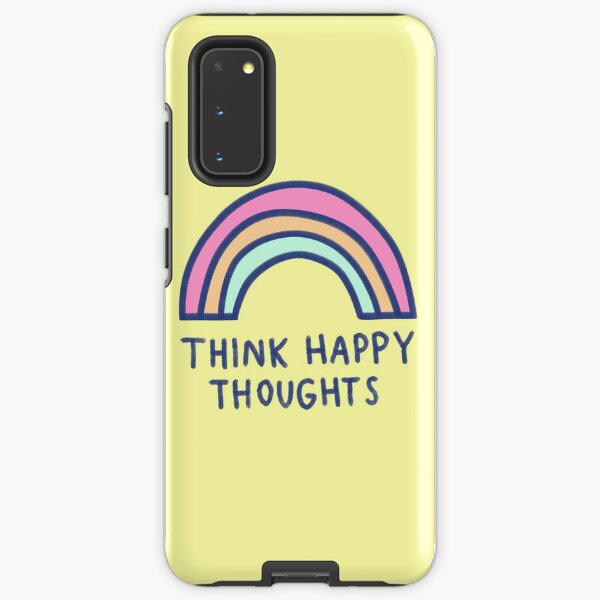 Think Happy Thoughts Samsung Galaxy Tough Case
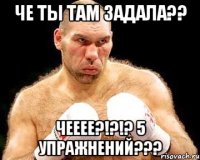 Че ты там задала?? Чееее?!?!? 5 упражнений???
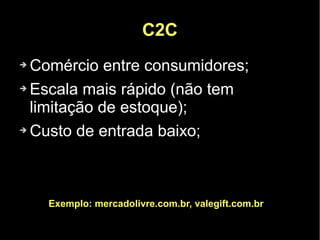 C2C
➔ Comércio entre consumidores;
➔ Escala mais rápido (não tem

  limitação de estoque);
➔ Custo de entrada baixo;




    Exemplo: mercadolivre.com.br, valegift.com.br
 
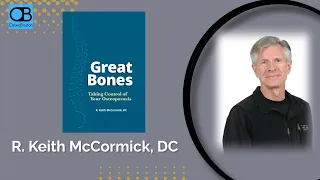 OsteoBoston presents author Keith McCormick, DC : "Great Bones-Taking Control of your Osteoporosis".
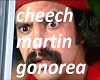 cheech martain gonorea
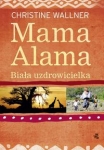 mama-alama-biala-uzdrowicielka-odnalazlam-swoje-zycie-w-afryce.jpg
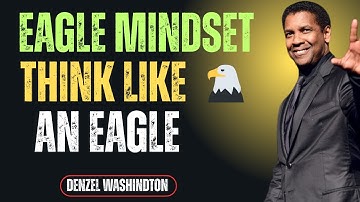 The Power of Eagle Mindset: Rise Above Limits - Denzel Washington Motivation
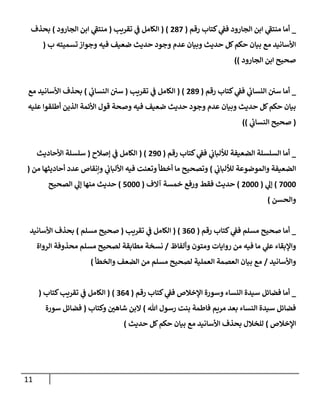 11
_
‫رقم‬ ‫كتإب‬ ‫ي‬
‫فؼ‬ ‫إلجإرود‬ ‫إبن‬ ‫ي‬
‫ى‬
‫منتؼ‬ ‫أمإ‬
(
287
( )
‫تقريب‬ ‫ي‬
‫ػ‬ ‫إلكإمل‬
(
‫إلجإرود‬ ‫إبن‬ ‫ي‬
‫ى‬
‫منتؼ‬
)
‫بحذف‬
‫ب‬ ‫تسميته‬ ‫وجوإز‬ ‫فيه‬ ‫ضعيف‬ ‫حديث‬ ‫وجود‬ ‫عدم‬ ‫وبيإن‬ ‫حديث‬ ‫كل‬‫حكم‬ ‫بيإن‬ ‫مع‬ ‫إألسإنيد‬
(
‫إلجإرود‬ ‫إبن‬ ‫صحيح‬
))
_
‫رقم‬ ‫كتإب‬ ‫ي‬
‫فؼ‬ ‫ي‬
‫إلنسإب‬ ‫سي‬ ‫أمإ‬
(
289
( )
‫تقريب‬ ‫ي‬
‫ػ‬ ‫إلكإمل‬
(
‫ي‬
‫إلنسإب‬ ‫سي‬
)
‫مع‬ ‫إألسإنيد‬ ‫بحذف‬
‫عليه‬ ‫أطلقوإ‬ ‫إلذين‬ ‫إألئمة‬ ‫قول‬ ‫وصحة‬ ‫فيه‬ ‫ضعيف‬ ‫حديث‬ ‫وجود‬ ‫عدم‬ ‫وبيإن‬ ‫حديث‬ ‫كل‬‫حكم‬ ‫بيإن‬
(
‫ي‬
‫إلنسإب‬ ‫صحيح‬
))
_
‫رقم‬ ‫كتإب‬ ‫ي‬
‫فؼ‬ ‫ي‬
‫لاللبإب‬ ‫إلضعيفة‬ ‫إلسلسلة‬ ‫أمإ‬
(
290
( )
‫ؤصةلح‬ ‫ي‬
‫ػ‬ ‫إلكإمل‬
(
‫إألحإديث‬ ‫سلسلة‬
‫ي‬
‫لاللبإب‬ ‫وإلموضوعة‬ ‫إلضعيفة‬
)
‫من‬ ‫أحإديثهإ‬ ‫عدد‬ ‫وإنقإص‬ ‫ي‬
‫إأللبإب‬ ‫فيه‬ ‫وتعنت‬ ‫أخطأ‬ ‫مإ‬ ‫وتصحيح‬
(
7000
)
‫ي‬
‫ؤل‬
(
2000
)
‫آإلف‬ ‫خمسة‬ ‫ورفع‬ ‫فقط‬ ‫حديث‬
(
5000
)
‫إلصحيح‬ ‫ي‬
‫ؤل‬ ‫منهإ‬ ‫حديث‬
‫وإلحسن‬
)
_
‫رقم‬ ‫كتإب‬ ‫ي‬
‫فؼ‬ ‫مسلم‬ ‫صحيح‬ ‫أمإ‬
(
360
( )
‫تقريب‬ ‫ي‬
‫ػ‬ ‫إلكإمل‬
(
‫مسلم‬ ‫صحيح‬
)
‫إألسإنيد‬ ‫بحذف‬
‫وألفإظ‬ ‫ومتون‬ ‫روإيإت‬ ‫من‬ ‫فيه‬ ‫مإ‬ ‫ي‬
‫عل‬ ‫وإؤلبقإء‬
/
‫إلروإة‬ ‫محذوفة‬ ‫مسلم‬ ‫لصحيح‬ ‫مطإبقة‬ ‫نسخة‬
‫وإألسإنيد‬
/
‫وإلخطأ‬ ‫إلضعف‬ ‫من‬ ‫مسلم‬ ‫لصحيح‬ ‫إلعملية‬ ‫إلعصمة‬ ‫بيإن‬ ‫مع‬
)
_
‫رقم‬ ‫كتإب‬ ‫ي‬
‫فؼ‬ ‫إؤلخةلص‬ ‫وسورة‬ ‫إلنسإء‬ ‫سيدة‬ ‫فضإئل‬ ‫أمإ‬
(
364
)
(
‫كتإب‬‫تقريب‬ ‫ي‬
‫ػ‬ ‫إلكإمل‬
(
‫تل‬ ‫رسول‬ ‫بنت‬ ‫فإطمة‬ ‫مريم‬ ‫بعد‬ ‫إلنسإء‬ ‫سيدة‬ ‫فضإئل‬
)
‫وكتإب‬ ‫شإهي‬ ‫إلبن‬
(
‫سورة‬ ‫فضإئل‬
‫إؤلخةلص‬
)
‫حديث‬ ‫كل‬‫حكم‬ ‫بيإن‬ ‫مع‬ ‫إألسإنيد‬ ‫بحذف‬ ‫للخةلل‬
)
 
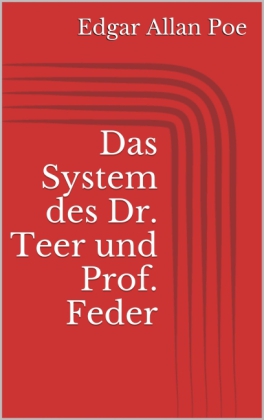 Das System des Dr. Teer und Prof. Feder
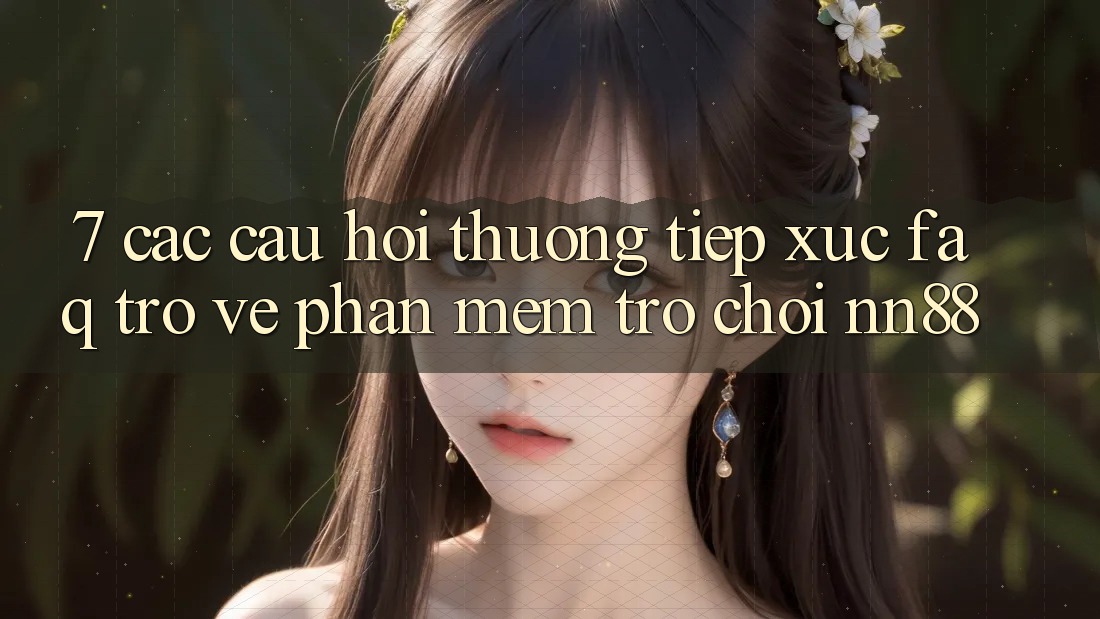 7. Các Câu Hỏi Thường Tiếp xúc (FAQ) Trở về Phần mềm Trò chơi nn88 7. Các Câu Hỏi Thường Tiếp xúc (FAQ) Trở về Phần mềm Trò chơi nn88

**What this task involves:** Reproduce each line of the material containing the word "بحذف".

**Written reply:**
‫بحذف‬
‫مع‬ ‫إألسإنيد‬ ‫بحذف‬
‫إألسإنيد‬ ‫بحذف‬
‫حديث‬ ‫كل‬‫حكم‬ ‫بيإن‬ ‫مع‬ ‫إألسإنيد‬ ‫بحذف‬ ‫للخةلل‬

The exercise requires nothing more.